Transcribe exactly, and only, the lines running from the one with "Used 2022 Lexus" to the end of the entries below, both included, without any pictures.

--- --- ---

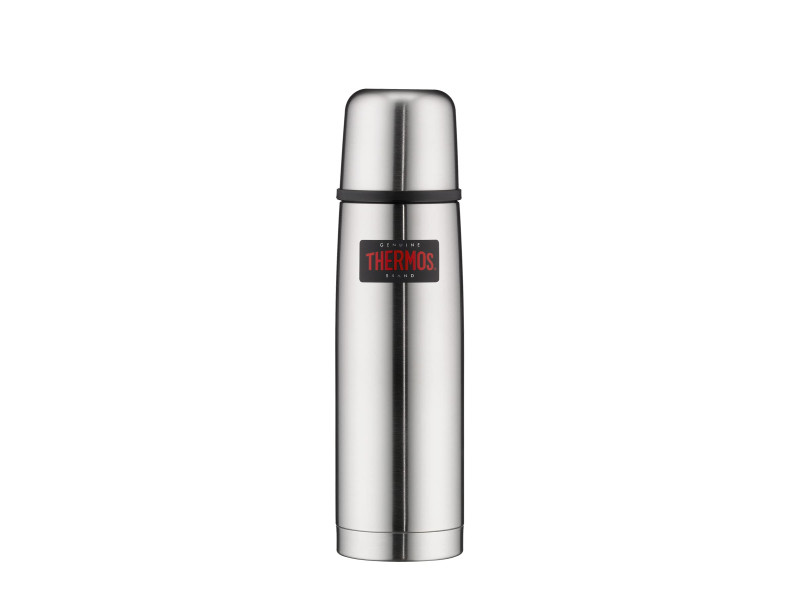 THERMOS Bouteille isotherme Light & Compact, argent, 0,5L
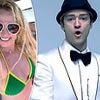 Bikini-clad Britney Spears dances to ex Justin Timberlake's song on vacation after sparking fan concern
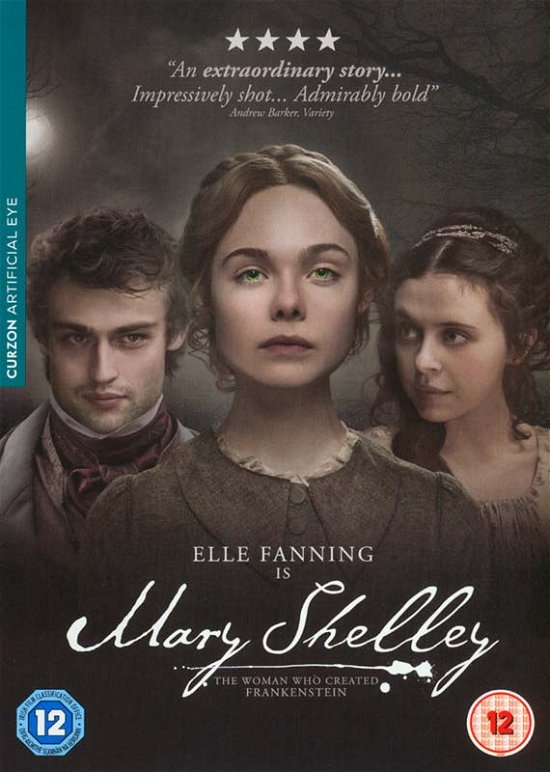 Cover for Mary Shelley (DVD) (2018)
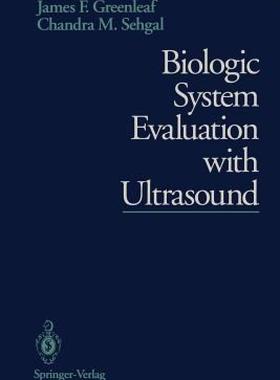【预售】Biologic System Evaluation with Ultrasound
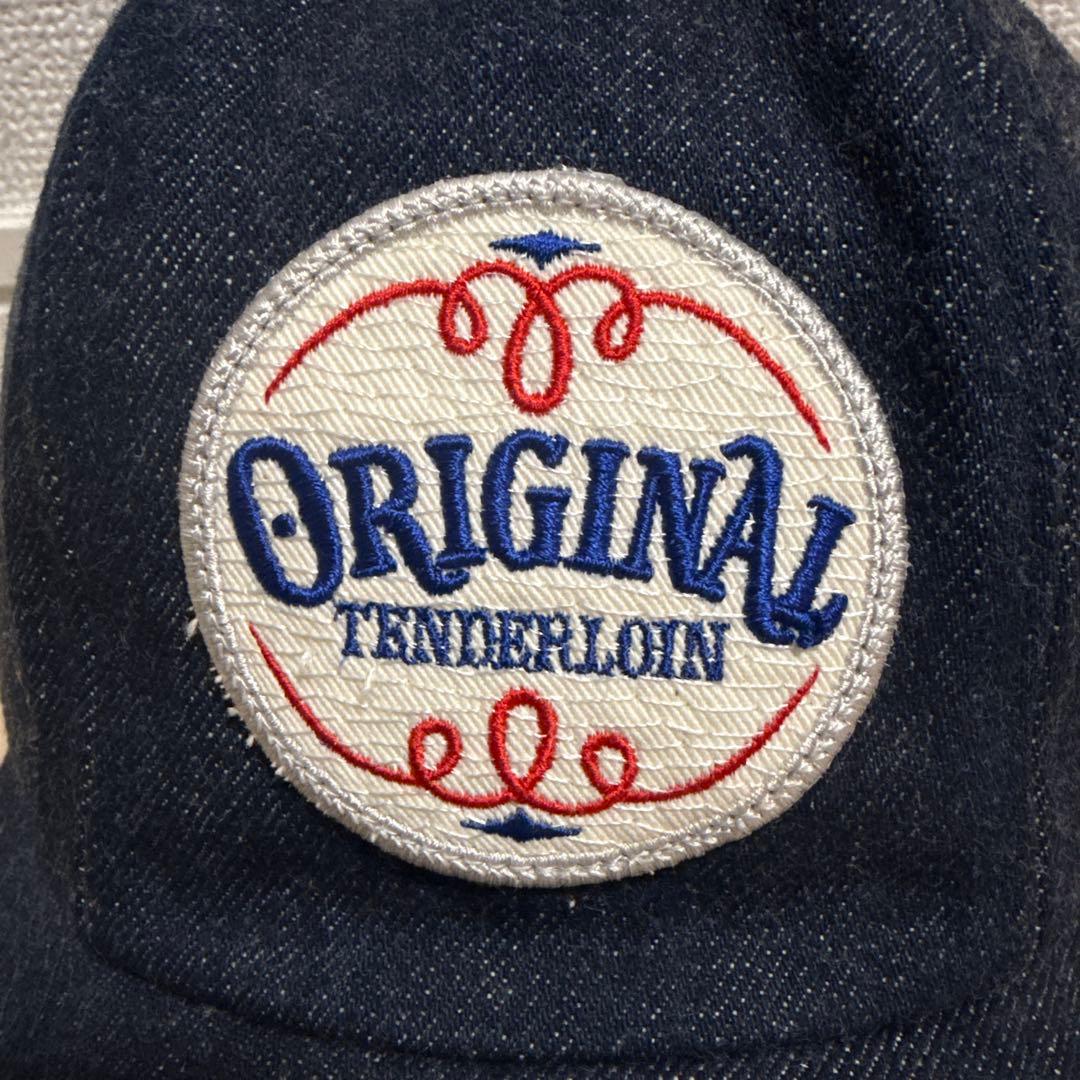テンダーロイン tenderloin デニム CAP 美品 正規品 キムタク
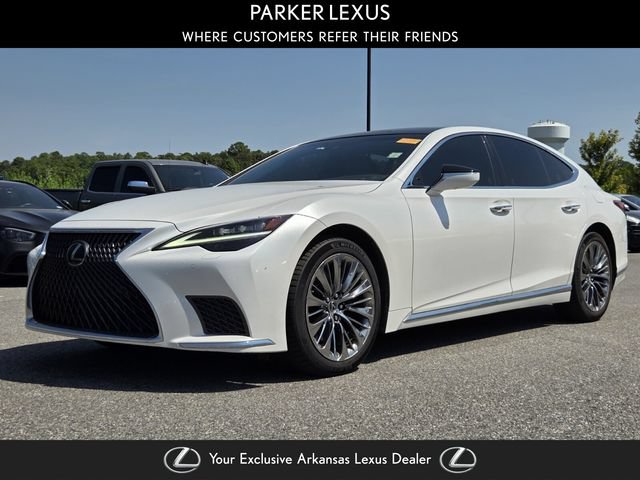 Used 2022 Lexus LS 500 AWD w/ Interior Upgrade Package video 1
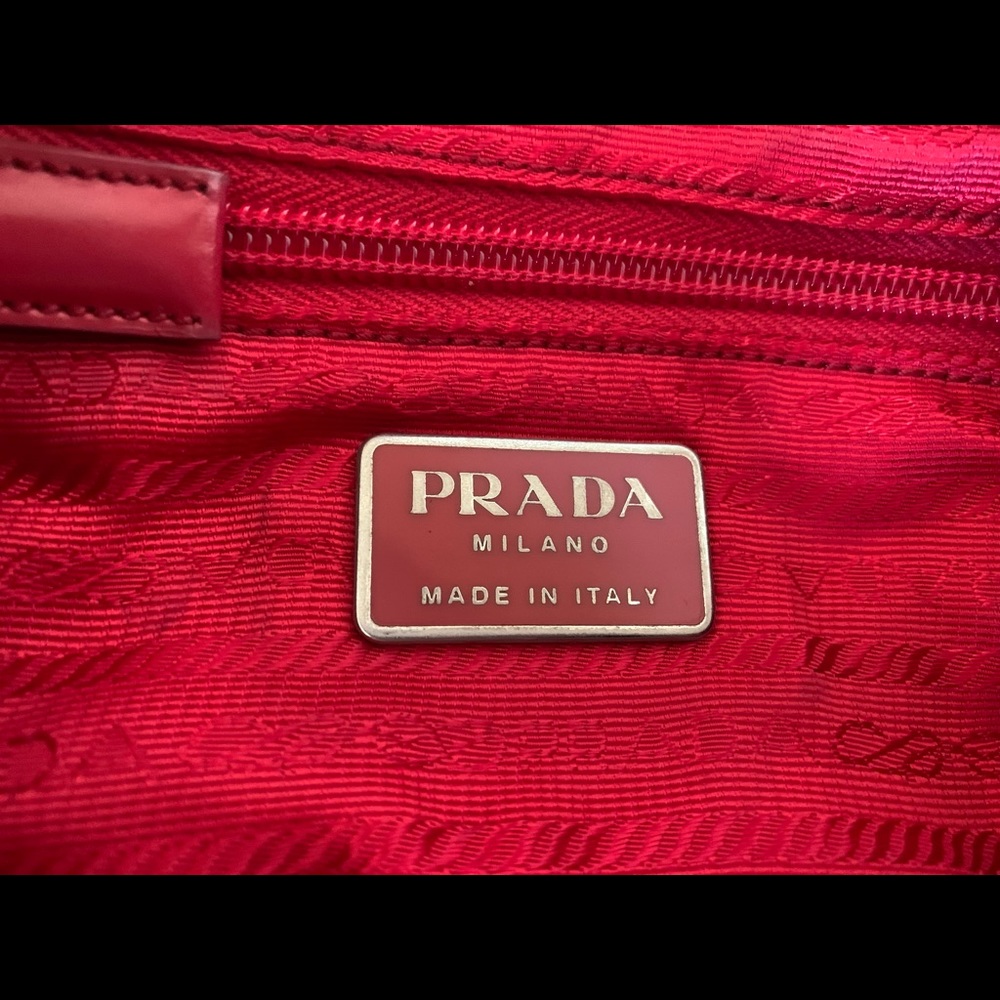 Prada Backpack Red - Picture 12 of 14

--- --- ---

EXERCISE ANSWER >>
 Used 2022 Lexus LS 500 AWD w/ Interior Upgrade Package video 1
 Prada Backpack Red - Picture 12 of 14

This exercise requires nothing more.